Since the effects of probiotics depend on the genera, species, and strain, it is essential to verify their identity, characterization, and safety. The main criteria for selecting a probiotic strain is its safety, which includes the verification of hemolytic activity, biogenic amine production, and antibiotic resistance, as well as its adhesion to the intestinal mucosa [8–10].
Probiotics are generally recognized as safe (GRAS) because of their long-term use in fermented foods and dairy products [11]. Although the efficacy of probiotics has been studied extensively, the adverse effects of probiotics have been documented. These include sepsis in cardio-surgical patients, anaphylactic reactions, systemic fungemia, and the risk of antibiotic resistance gene transfer to pathogenic bacteria [8]. Hence, the United Nations Food and Agriculture Organization (FAO) and World Health Organization (WHO) have suggested that it is important to perform a minimum safety assessment for potential hemolysis, toxin production, and antibiotic resistance before its use in humans [12].
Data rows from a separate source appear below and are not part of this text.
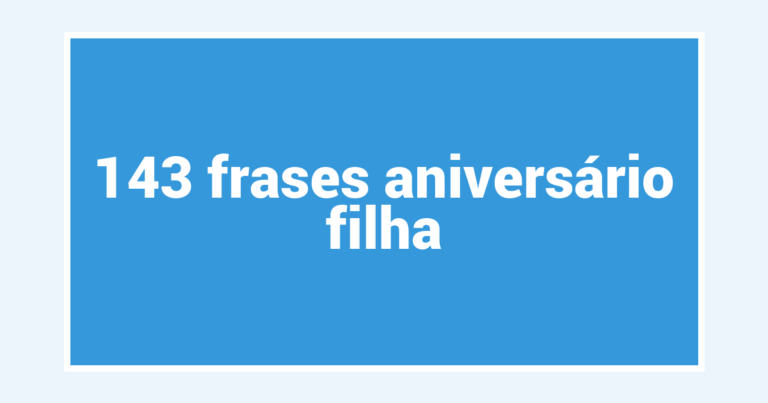 143  frases aniversário filha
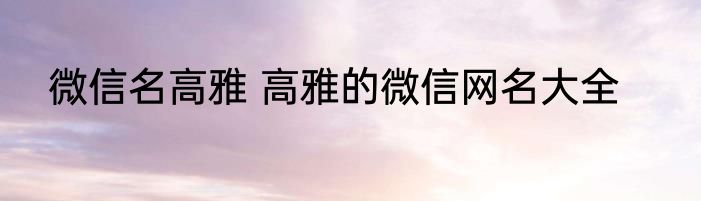 微信名高雅 高雅的微信网名大全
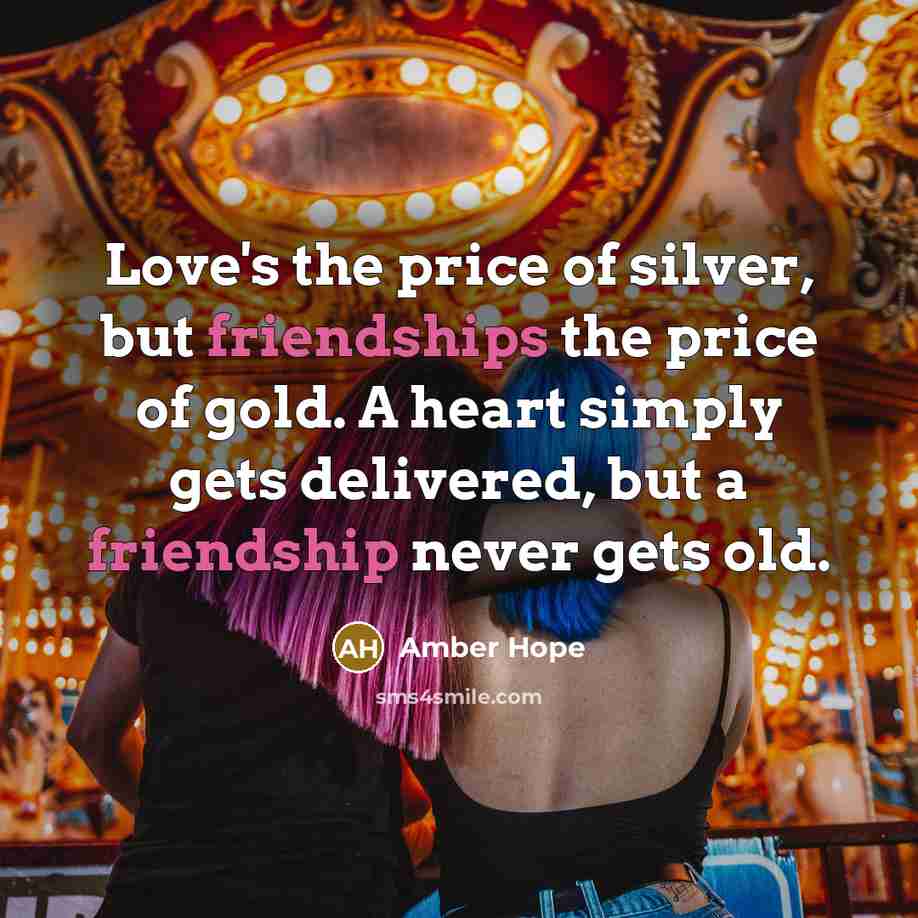 “Love's the price of silver, but friendships the price of gold. A heart simply gets delivered, but a friendship never gets old.” quote by Amber Hope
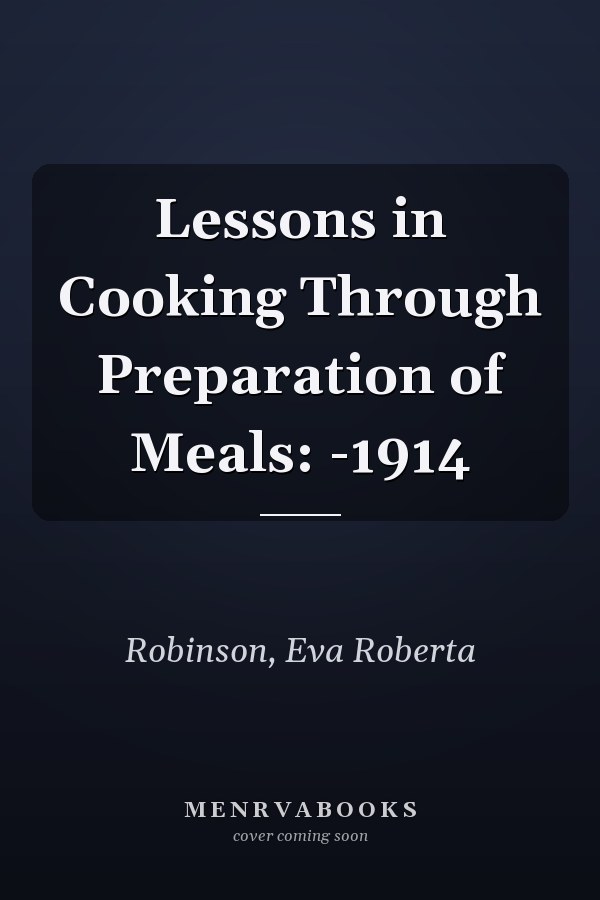 Lessons in Cooking Through Preparation of Meals: -1914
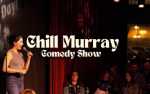 Image for Chill Murray Comedy Show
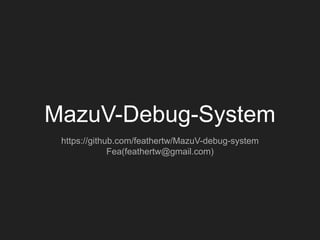 MazuV-Debug-System
https://github.com/feathertw/MazuV-debug-system
Fea(feathertw@gmail.com)
 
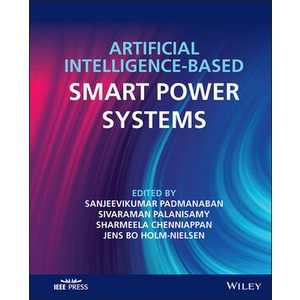 【AI】ARTIFICIAL INTELLIGENCE-BASED SMART POWER SYSTEMS (精裝),PADMANABAN 9781119893967
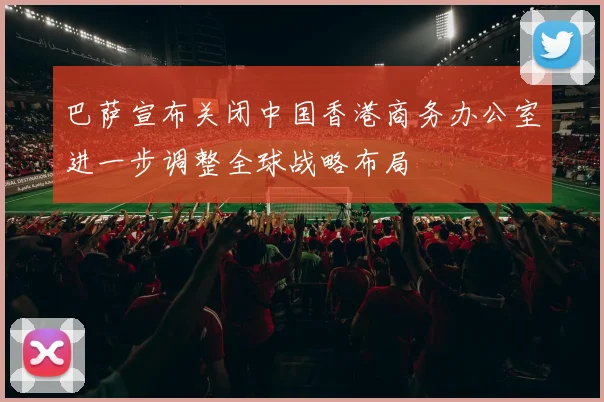 巴萨宣布关闭中国香港商务办公室进一步调整全球战略布局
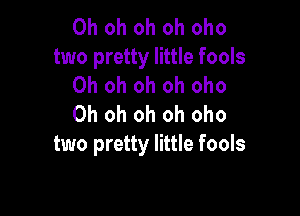 Oh oh oh oh oho
two pretty little fools
Oh oh oh oh oho

Oh oh oh oh oho
two pretty little fools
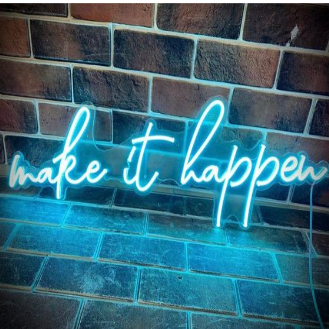 Neon Lights - Make it happen Neon Light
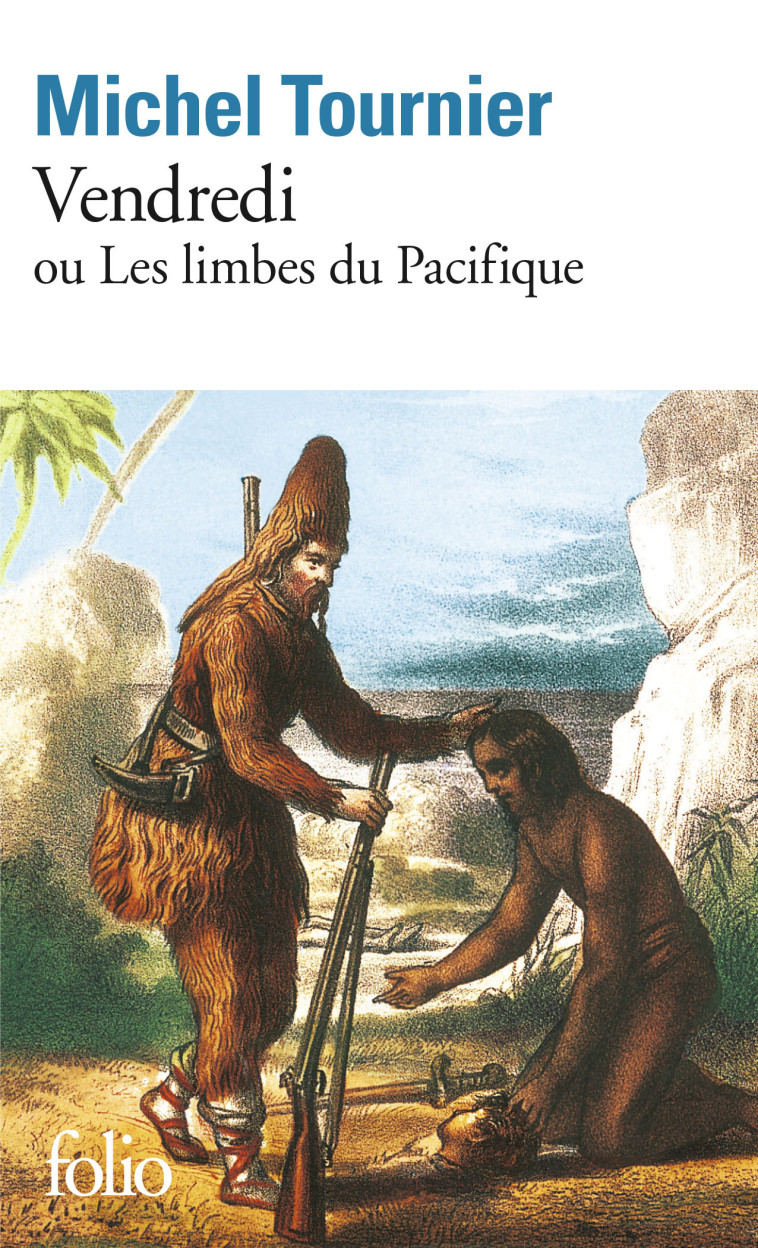 VENDREDI OU LES LIMBES DU PACIFIQUE - TOURNIER MICHEL - FOLIO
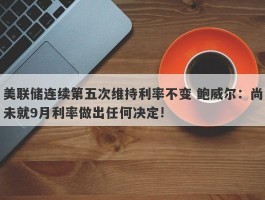 美联储连续第五次维持利率不变 鲍威尔：尚未就9月利率做出任何决定!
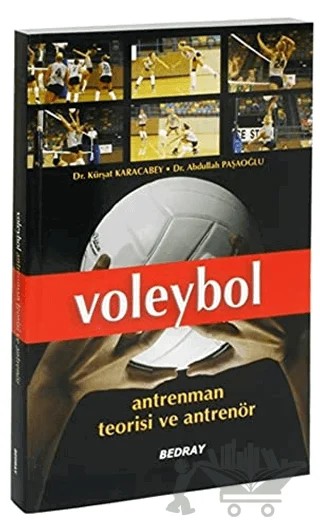 Voleybol – Abdullah Paşaoğlu, Kürşat Karacabey – Bedray Yayınevi kitap kapağı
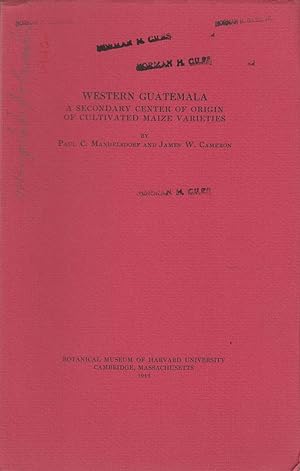 Seller image for Western Guatemala: A Secondary Center of Origin of Cultivated Maize Varieties by Mangelsdorf, Paul C. and Cameron, James W. for sale by Robinson Street Books, IOBA
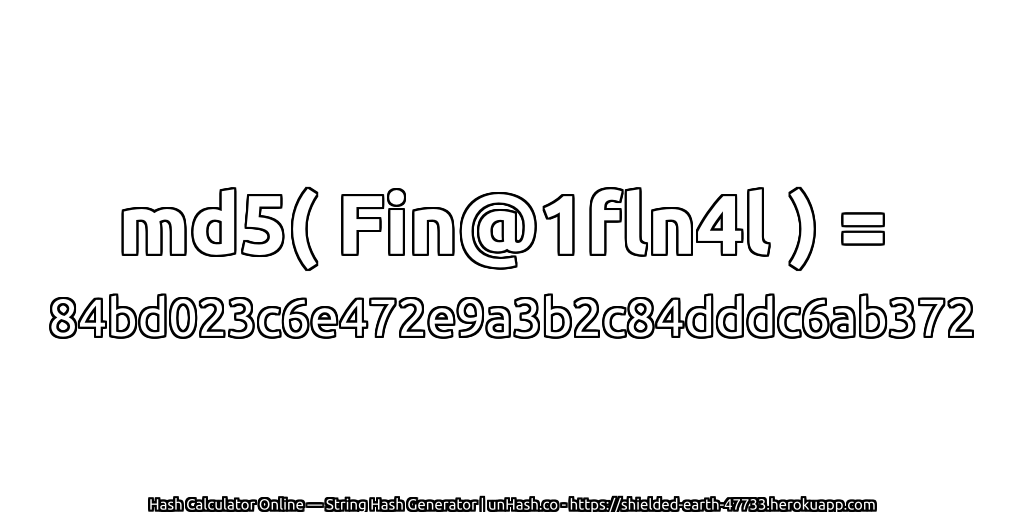 md5( Fin@1fln4l ) = 84bd023c6e472e9a3b2c84dddc6ab372 | unHash.co
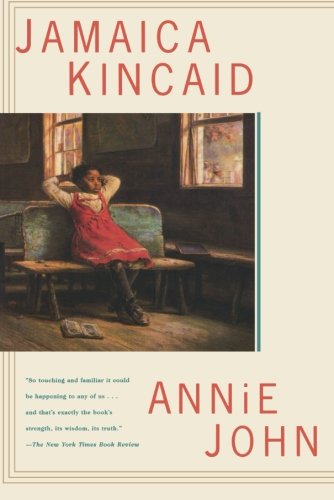 Annie John: A Novel by Jamaica Kincaid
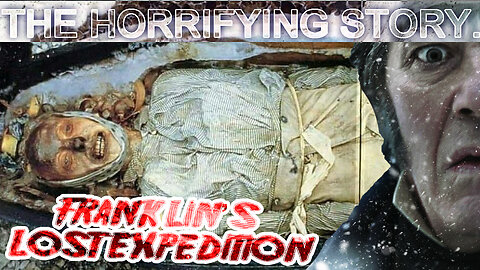 120+ Men Were Trapped In Ice For Years - The Horrifying Events of FRANLKIN'S LOST EXPEDITION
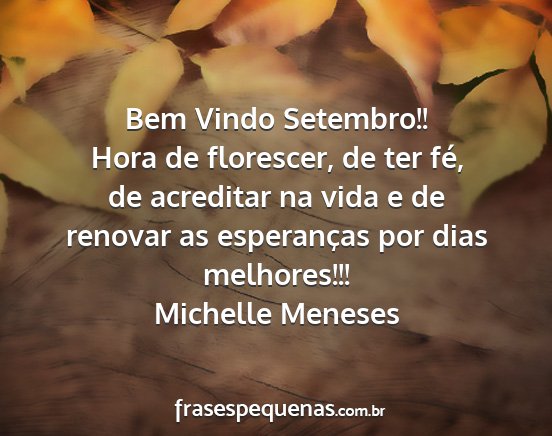 Michelle Meneses - Bem Vindo Setembro!! Hora de florescer, de ter...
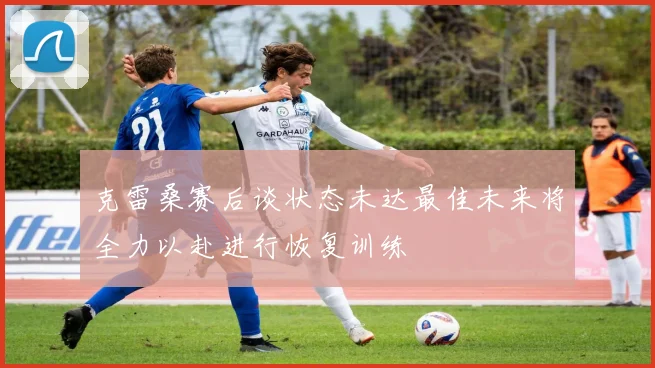克雷桑赛后谈状态未达最佳未来将全力以赴进行恢复训练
The mucus layer of the GI tract provides the first contact point between the intestinal microbiota and the host, creating a fluid environment. The GI tract is classified into the lower and upper GI tract, consisting of intestinal epithelial cells (IEC), including paneth cells and goblet cells [13]. Probiotics can regulate IEC function by various ways, including improving microbial colonization, enhancing tight junction (TJ) and mucin production, promoting antimicrobial peptide production, and modulating the immune response of the host. To confer health benefits, probiotics must interact sufficiently with the host by binding to the mucus layer of the GI tract [14–18].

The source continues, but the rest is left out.